I disconnected the hose running across the top, then the right-side hose that ran to the power steering pump. Thankfully, someone had already pulled the radiator, so I had a ton of room to work with.
The left-side hose running down underneath was very difficult to get off (I didn’t have metric wrenches) so I punted and cut the hose as close to the top of the metal line as I could. I used a pair of channel locks to snip the coiled metal hose running to and from the ABS computer (the big box directly below the hydroboost assembly) below the proportioning valve because those bolts were not coming off for love or money.
Finally, I crawled inside and used a long 15mm metric socket to take off four mounting bolts on the bracket. Hopefully other used Astros will be cleaner under the dash than mine was.
Then, a bunch of wrestling, tugging, pulling, and twisting got the whole assembly free. GM didn’t leave a lot of room in the engine bay to work with, so I removed the top fitting to clear the cowl and put it back on when I was done.
Stay tuned. Next I’m going to assemble all the parts needed to retrofit the assembly.
I got a Facebook message from Mike in Colorado the other day, who said he’d found a local junkyard and scored a pile of Scout badges for his resto project.

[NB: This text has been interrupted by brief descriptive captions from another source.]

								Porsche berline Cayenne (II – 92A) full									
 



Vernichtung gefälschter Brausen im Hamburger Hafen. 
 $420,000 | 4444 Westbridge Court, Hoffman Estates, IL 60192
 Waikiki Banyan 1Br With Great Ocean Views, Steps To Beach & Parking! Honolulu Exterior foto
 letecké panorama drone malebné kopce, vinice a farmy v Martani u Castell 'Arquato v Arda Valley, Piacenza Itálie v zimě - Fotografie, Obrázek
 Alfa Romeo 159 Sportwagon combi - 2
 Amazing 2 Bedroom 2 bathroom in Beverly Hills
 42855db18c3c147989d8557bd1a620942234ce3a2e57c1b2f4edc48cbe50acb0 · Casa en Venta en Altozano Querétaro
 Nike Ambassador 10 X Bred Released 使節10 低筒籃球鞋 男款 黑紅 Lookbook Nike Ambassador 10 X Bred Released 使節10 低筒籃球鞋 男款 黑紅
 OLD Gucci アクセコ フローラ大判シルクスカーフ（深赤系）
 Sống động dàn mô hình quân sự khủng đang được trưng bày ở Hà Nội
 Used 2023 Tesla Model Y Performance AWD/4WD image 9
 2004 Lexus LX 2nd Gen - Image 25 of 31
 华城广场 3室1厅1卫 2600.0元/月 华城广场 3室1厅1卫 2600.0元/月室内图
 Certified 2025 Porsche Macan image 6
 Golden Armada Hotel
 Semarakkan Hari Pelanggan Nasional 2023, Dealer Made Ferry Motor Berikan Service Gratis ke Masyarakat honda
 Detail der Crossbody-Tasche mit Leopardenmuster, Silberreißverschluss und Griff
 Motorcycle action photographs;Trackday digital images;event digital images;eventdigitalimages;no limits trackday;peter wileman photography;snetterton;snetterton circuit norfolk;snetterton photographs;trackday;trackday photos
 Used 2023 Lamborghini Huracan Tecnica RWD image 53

He asked me if I needed anything, and I told him I was looking for a set myself; Peer Pressure was clean-shaven when I got her (minus one IH badge on the driver’s fender). Lo and behold, look what appeared on my doorstep yesterday afternoon:
The real miracle is that ALL of them still have their mounting posts. Getting pot-metal badges off without breaking them is something akin to magic; he was able to keep them all intact. Now I must find a suitable gift to send in return….
We’ve got plans to go see some friends this weekend, starting with a junkyard expedition somewhere on the east side of town. A fellow gearhead (with British and German proclivities) spotted a yard while driving with his daughter and asked if I’d like to go scope it out. While I’m there, I’m going to be looking for a good Astro van so that I can pull the entire brake booster assembly in order to do a Hydroboost conversion on Peer Pressure. When that might actually happen, I don’t know, but I’d like to have the parts for it stashed aside.
Update: Only one Astro was located, and the booster assembly was rusty enough that I passed on it.